Being able to laugh and enjoy life is part of recovery and Gabay said events such as the upcoming comedy show provide a fun and wholesome outlet for people.

She has been actively involved in NAMI and encouraging the “difficult conversation” about mental illness since the 2010 death of her daughter, Susanna Blake Gabay, 21, to suicide. Susanna had suffered from severe depression through her teen and early adult years that stemmed from a chemical imbalance.

“There are things that anybody can do,” Gabay said in a 2017 interview with the Chronicle. “Most people don’t really want to die, they just don’t see any way out and maybe you can divert them long enough for them to get past the immediate crisis.”

For that reason, she urges people to get informed about mental health issues so they become comfortable enough to intervene if necessary.

She said one of the ways they can do that is to attend the comedy show.

“It’s okay to laugh about and talk about it,” she said. “I think we need to normalize it a little bit.”

The facts about mental health

The National Alliance on Mental Illness (NAMI) is the largest grassroots organization in America dedicated to bettering the lives of millions who are affected by a mental illness.

May is Mental Health Awareness Month and NAMI has issued the following fact sheet to raise public awareness about the challenges facing families and communities:

One in five Americans are affected by mental illness in a given year.

Mental health and substance use disorders cause more hospitalizations among U.S. troops than any other cause.

Mental illness costs America $193.2 billion in lost earnings each year.

More than 50 percent of adults and children with mental health conditions received no treatment in the past year.

The number one reason that children are admitted to hospitals is for depression or bipolar disorder.

Over 40,000 American lives are lost to suicide each year.

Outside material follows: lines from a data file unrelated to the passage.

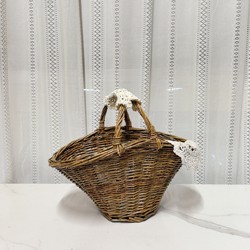 Special Offer! Vintage Retro Country-Style Leather Wicker Basket Handmade Flower Basket Fruit Picking Storage Basket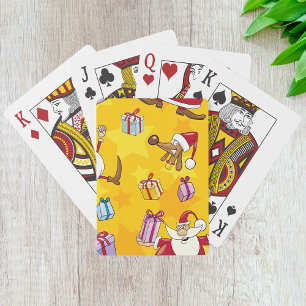Santa Christmas Pattern with Gifts and Stars Poker Cards
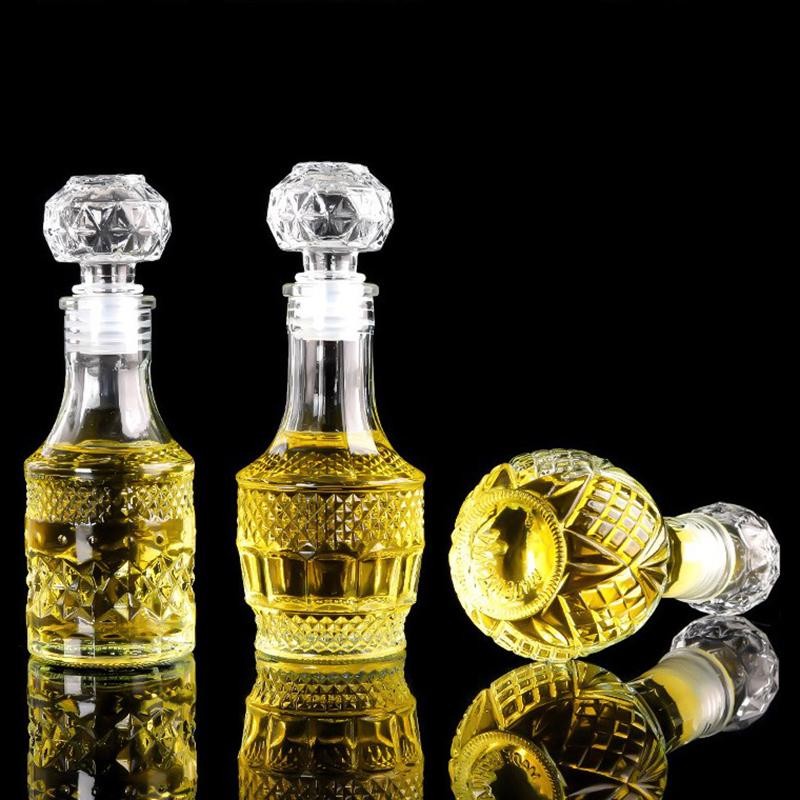 [CrownFamily] 1Pcs 50ml Transparent Small Empty Spirit Whisky Wine Bottle Mini Glass Alcohol Liquor Bottles With Screw Cap Whiskey Decanter [MY]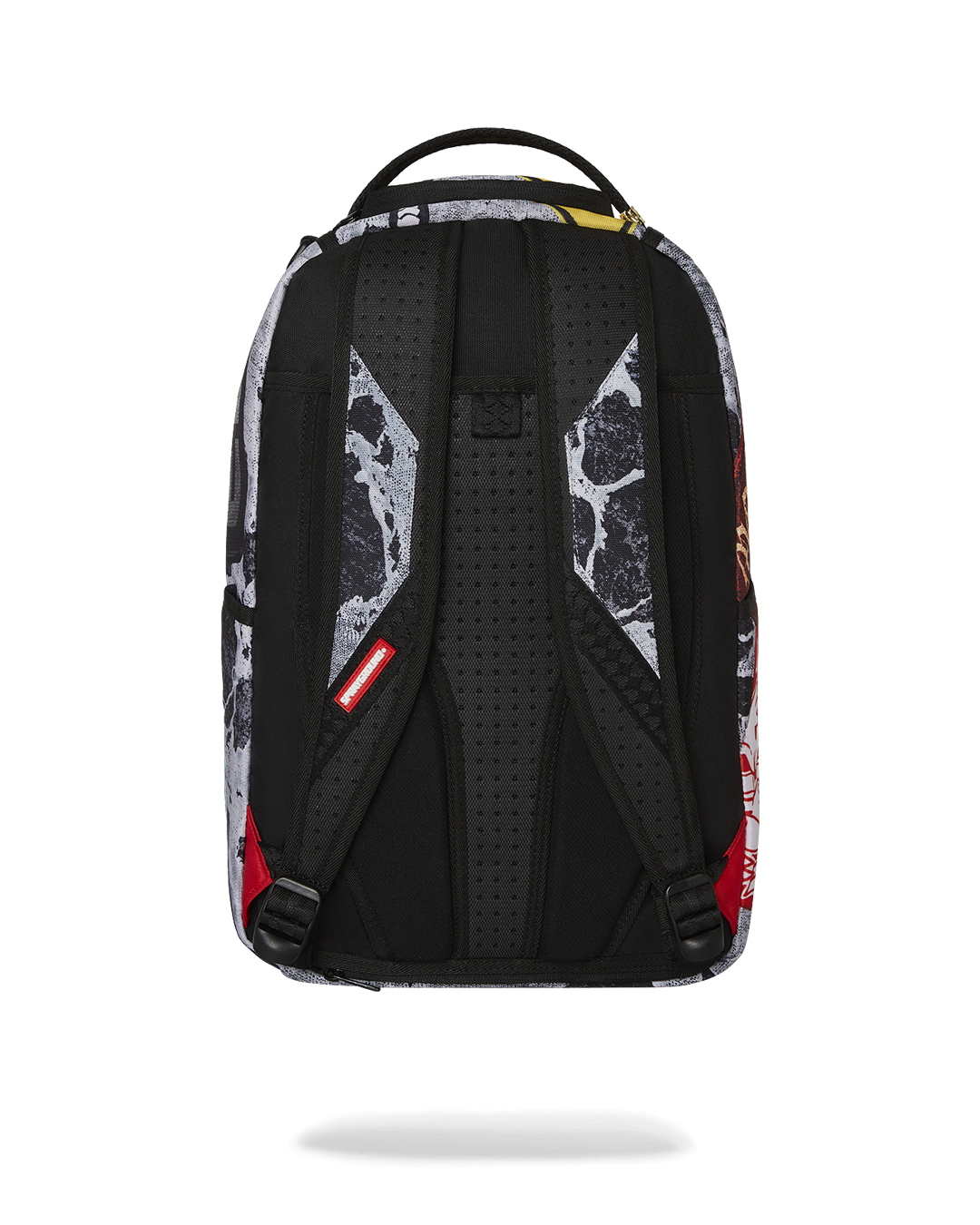 Sprayground Hallway Hero Dlxr backpack front view with gold zippers.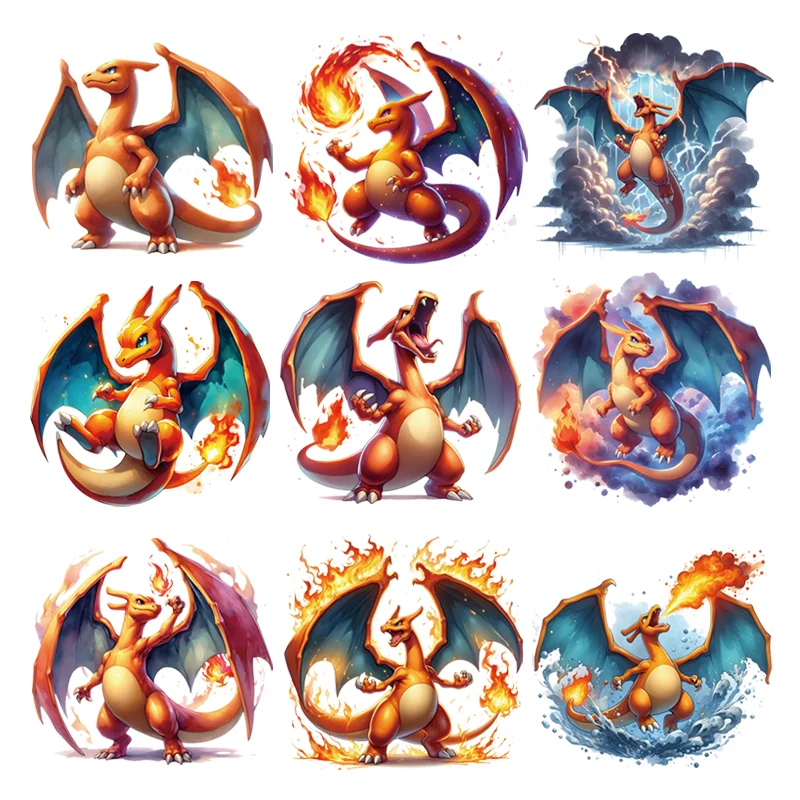 Cartoon Charizard fusible clothing patches thermo-stickers for children Applique for clothes iron on transfer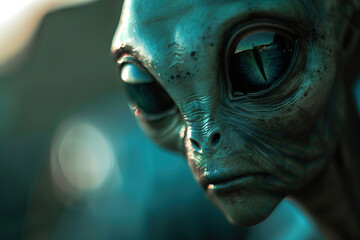 Obraz premium Captivating close-up of an alien head with large eyes, detailed textures, and a shallow depth of field. Perfect for sci-fi and extraterrestrial themes.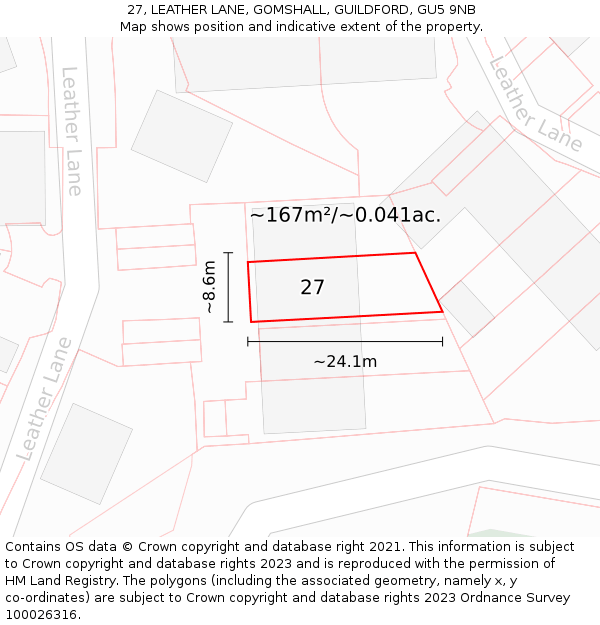 27, LEATHER LANE, GOMSHALL, GUILDFORD, GU5 9NB: Plot and title map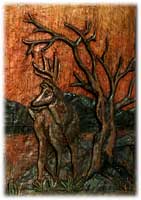 Ted Nugent's Sunrize Safaris Whitetail Deer Relief Carving entitled "Whitetail Sunrize" by Eric M. Saperstein Artisans of the Valley presented December 13th 2006 at the YO Ranch in Mountain Home, TX Deer Closeup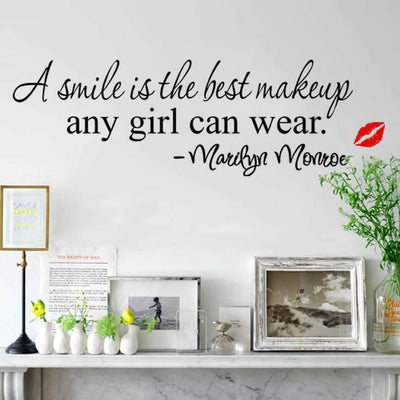 A smile is the best makeup any girl Wall Quote Decals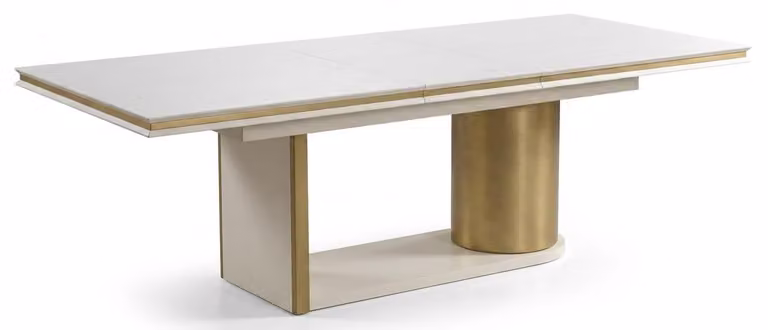 Tavolo da pranzo allungabile, moderno, bianco, in legno e metallo, con dettagli dorati, di grandi dimensioni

Seventy-five percent of rural and frontier communities do not have any mental health professionals, affecting up to 45 million Americans.

More than eight million Americans provide care to an adult living with mental illness. Three out of four caregivers report high levels of stress.

Two million Americans with mental health conditions languish in jails each year, often because of their illness.


Janie Popour-Hogue

The average delay from the first symptoms of psychosis to treatment in the U.S. is around 74 weeks. In the United Kingdom the wait time is only about seven weeks.


For more information about warning signs, or local programs to help people deal with mental health issues, contact or phone 541-478-3576.

National Alliance on Mental Illness (NAMI) holds support meetings for families at 10 a.m. the fourth Saturday of each month at the Hood River County Library, 502 State Street.

On the first Thursday, the group meets at 6 p.m. in One Community Health (OCH) at the corner of 10th and Webber streets in The Dalles.

On Saturday, May 26, Janie Popour-Hogue will speak from 11:30 a.m. to 12:30 p.m. in the basement conference room of the library in Hood River. Popour-Hogue is clinical services manager for OCH.